** TASK GOAL **
Some entries follow. Reproduce exactly the lines starting at the one with "416 E 117th" and stopping after the one with "woman wearing a".

DATA TO PROCESS Block Start

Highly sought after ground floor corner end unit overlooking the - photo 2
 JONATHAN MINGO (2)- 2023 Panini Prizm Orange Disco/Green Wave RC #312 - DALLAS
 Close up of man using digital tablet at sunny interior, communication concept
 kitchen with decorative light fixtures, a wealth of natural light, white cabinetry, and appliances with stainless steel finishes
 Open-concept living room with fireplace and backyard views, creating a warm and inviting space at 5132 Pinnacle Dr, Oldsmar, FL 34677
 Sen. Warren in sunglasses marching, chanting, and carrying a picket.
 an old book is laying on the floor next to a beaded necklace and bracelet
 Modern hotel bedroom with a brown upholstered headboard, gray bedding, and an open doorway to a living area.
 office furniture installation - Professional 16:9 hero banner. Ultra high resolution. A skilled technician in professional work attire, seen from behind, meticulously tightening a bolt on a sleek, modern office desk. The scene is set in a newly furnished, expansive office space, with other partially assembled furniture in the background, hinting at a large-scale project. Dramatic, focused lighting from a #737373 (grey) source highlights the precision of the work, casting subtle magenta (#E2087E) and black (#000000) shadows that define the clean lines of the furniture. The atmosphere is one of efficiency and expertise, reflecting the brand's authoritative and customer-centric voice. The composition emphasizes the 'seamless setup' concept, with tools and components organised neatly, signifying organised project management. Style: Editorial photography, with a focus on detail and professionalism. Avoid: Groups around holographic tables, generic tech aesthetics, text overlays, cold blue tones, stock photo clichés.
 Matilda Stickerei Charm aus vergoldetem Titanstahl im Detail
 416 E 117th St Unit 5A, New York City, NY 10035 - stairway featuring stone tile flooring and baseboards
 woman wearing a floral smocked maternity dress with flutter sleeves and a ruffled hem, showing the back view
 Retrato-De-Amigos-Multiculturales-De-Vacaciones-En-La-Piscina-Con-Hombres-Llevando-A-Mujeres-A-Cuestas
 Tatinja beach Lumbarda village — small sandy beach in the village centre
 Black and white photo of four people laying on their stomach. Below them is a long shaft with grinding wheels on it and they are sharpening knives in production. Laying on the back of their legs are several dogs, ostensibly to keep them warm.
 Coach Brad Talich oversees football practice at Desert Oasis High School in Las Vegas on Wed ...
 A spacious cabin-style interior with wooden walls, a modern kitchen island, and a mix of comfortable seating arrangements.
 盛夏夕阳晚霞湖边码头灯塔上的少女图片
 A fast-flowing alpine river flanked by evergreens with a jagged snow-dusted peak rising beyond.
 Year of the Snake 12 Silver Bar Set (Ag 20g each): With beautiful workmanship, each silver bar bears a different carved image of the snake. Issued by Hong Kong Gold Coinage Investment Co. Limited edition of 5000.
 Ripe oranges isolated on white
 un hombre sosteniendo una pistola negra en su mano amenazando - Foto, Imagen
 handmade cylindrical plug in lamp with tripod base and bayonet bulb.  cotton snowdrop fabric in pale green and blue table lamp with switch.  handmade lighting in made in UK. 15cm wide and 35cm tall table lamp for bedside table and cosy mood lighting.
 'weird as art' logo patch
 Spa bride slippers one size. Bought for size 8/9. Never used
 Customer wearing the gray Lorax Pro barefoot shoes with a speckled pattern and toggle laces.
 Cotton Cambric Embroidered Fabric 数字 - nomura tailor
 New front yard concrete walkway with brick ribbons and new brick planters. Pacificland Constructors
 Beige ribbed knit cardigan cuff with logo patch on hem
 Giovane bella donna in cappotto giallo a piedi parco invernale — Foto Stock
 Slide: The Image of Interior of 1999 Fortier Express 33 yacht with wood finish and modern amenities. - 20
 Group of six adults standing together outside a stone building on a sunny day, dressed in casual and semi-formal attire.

DATA TO PROCESS Block End

** RESPONSE TO THIS EXERCISE **
 416 E 117th St Unit 5A, New York City, NY 10035 - stairway featuring stone tile flooring and baseboards
 woman wearing a floral smocked maternity dress with flutter sleeves and a ruffled hem, showing the back view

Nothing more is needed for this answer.